Plaintiff further complains of the court’s excluding as irrelevant the introduction of certain real estate brochures that would demonstrate that developers consider a building’s view to be a useful factor in marketing a building to prospective tenants. Assuming, without deciding, that the chancellor’s ruling was in error, we fail to perceive that it could be anything more than harmless. Smith v. Smith (1930), 340 Ill. 373; Newman v. Youngblood (1946), 394 Ill. 617.

COUNT V

Plaintiff alleges in count Y of its complaint that River Center’s interest in the use and enjoyment of its land has been unreasonably invaded by Rubloff’s placement of concrete beams that deflect warm, humid air back into the Center's cooling towers, which impedes the *119functioning of the Center’s air conditioning system. Citing a number of out-of-State authorities, e.g., Prah v. Maretti (1982), 108 Wis. 2d 223, 321 N.W.2d 182, 191, plaintiff alleges that the modern trend in private nuisance law is toward recognizing that a deprivation of light and air obstructs the right to freely use one’s land without annoyance.

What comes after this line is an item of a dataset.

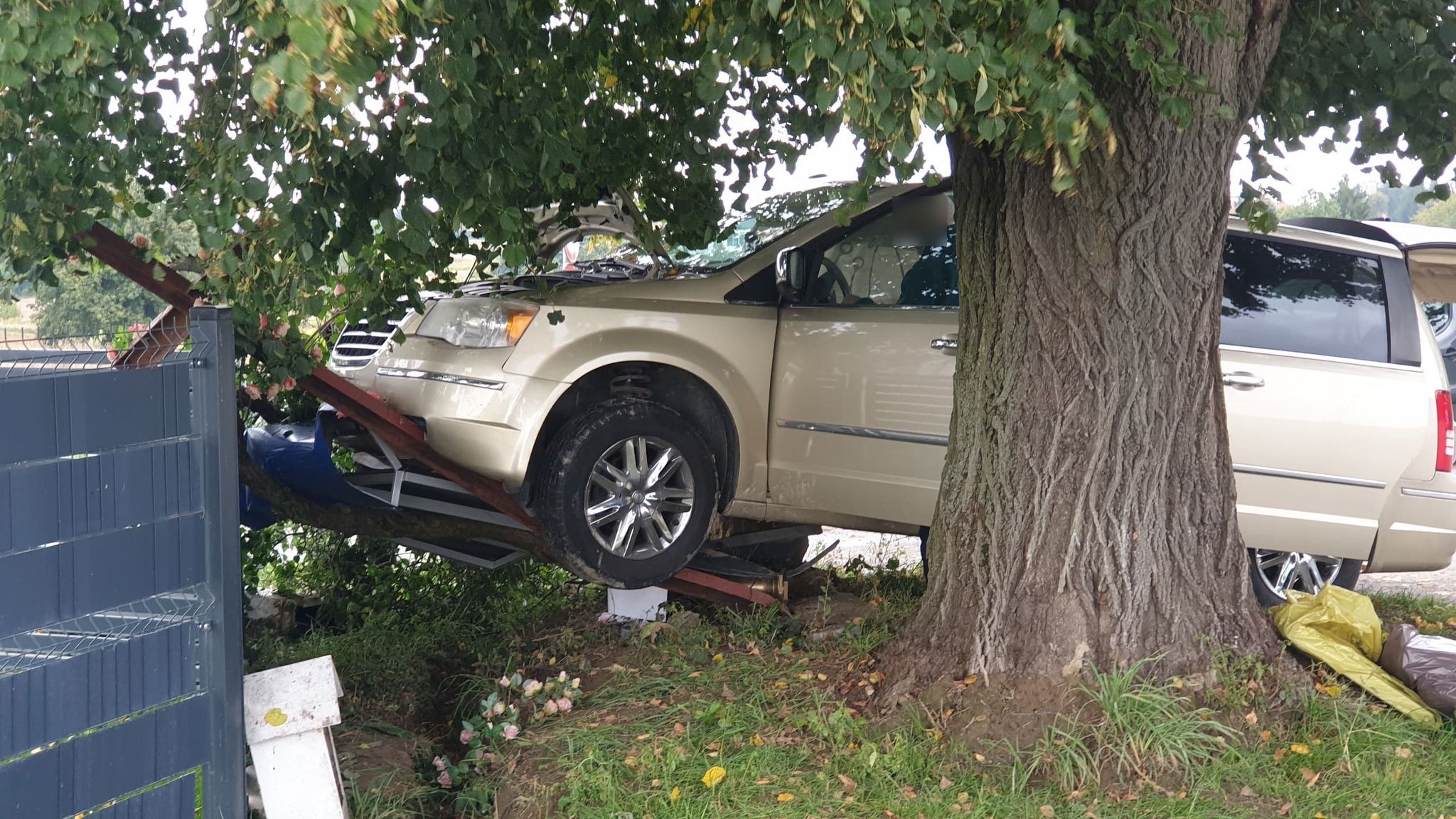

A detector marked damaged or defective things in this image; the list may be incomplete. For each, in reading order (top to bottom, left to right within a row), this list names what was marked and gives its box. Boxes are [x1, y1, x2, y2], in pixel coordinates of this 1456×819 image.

shattered windshield [670, 182, 850, 268]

In reviewing the trial court’s decision to dismiss count V for failure to state a cause of action, “we must accept as true all well-pleaded facts and all inferences which can be reasonably drawn from those facts” (Szajna v. General Motors Corp. (1986), 115 Ill. 2d 294, 298), and consider whether the circuit court erred, as a matter of law, in not recognizing a right to the free flow of air. We need not consider plaintiff’s out-of-State authorities because there is Illinois Supreme Court case law which controls. In People ex rel. Hoogasian v. Sears, Roebuck & Co. (1972), 52 Ill. 2d 301, defendant was held not to have created a nuisance, and thus would not be enjoined from continuing to build a 110-story office building which interfered with television reception in surrounding areas. The supreme court held in Hoogasian that there is “ ‘no legal right to the free flow of light and air from the adjoining land, *** even though [a new building] causes injury to another by cutting off the light and air and interfering with the view that would otherwise be available over adjoining land in its natural state.’ ” Hoogasian, 52 Ill. 2d at 304, quoting Fontainebleau Hotel Corp. v. Forty-Five Twenty-Five, Inc. (Fla. Dist. Ct. App. 1959), 114 So. 2d 357. See also Cain v. American National Bank & Trust Co. (1975), 26 Ill. App. 3d 574.

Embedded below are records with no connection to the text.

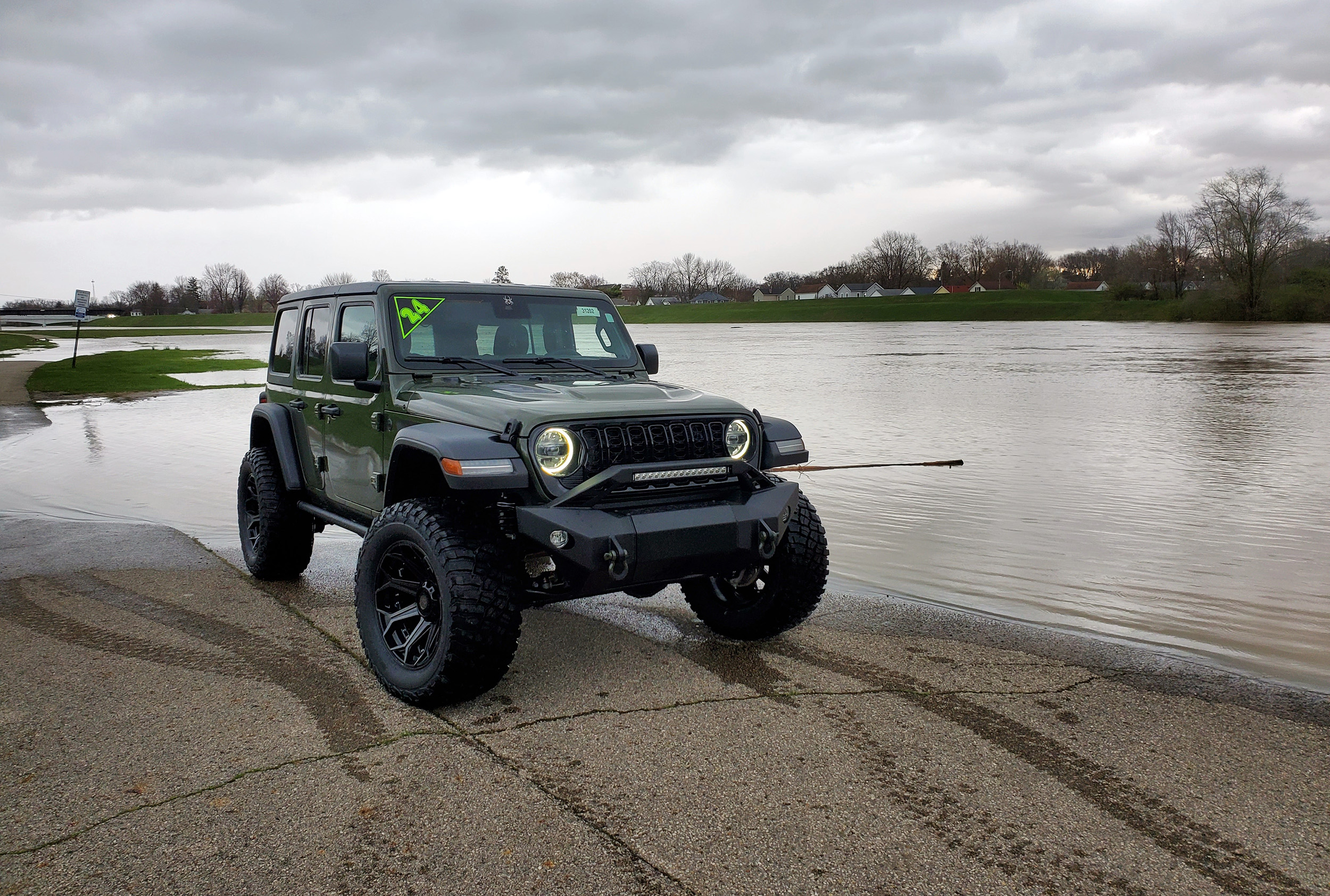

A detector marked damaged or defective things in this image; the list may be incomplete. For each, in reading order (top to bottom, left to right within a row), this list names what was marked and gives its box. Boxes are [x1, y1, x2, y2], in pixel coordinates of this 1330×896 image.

pavement crack [1, 732, 455, 859]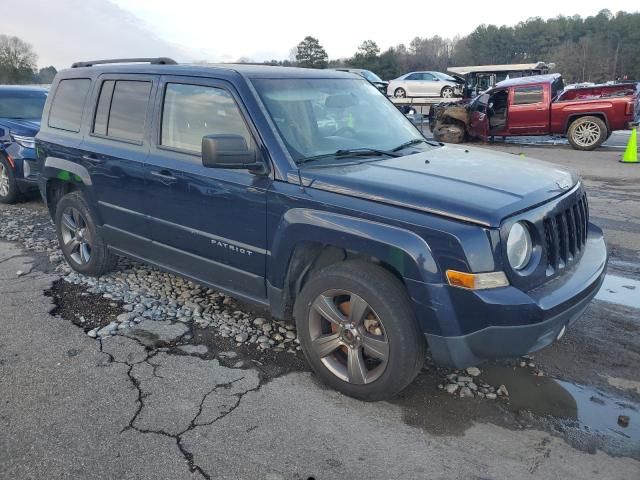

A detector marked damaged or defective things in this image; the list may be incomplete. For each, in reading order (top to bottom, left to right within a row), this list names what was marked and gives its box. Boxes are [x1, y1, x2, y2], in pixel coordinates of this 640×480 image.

damaged red truck [430, 71, 640, 148]
wrecked vehicle [430, 74, 640, 150]
cracked asphalt [1, 146, 640, 480]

Plaintiff attempts to distinguish Hoogasian by arguing that the guidelines expand plaintiff’s protectable property interests under nuisance law and that “interference with fresh air for air conditioning is at issue, not merely interference with television reception.” Whether or not plaintiff’s right to maintain its present system of air conditioning is inherently more valuable than the right to television reception, as plaintiff contends, neither Illinois law relating to nuisances nor the guidelines recognize any right to the free flow of air. The guidelines merely require the Commission and the city council to consider “providing accessibility to natural light [and] circulating air.” (Chicago Municipal Code ch. 194A, §11.11 — 2 (1989).) Plaintiff does not point to any authority in support of its contention that the city council intended to expand property rights under the rubric of nuisance law when it enacted the guidelines. Because we find that Hoogasian controls, we need not determine whether, as Rubloff contends and the trial court held, plaintiff was hypersensitive to construction on adjoining property.

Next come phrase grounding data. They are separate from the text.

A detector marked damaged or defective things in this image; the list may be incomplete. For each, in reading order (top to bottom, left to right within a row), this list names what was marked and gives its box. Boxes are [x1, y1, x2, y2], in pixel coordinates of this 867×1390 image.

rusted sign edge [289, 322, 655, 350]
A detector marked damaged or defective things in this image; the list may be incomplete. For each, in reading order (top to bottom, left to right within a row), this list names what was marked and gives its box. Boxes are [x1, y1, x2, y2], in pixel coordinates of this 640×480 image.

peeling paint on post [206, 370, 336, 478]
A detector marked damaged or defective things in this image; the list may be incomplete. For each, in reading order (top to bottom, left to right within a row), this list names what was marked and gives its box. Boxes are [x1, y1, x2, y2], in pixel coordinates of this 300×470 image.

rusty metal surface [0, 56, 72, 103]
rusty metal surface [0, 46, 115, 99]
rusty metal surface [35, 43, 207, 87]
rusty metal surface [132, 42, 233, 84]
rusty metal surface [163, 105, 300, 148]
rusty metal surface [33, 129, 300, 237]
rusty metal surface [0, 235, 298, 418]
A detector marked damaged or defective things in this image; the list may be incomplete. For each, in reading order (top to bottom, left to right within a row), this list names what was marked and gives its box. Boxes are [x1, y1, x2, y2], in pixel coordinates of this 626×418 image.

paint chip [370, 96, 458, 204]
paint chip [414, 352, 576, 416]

*120 Finally, plaintiff contends on appeal that even if its nuisance claim fails, defendant may still be liable in damages for negligence. Specifically, plaintiff alleges in its brief that “[e]ven assuming, arguendo, that an extra-sensitive use might be involved, ‘if the defendant is aware of plaintiff’s extra-sensitive use he may be liable for negligence, although not for nuisance’ ” (quoting W. Keeton, Prosser & Keeton on Torts §88, at 628 n.23 (5th ed. 1984)). However, we need not address this claim, for it was not adequately alleged in the plaintiff’s complaint. (Belmar Drive-In Theatre Co. v. Illinois State Toll Highway Comm’n (1966), 34 Ill. 2d 544, 548.) Therefore, we hold that the circuit court correctly held that plaintiff failed to state a cause of action as to count V.

Accordingly, we affirm the judgments of the circuit court.

Affirmed.

DiVITO, P.J., and BILANDIC,* J., concur.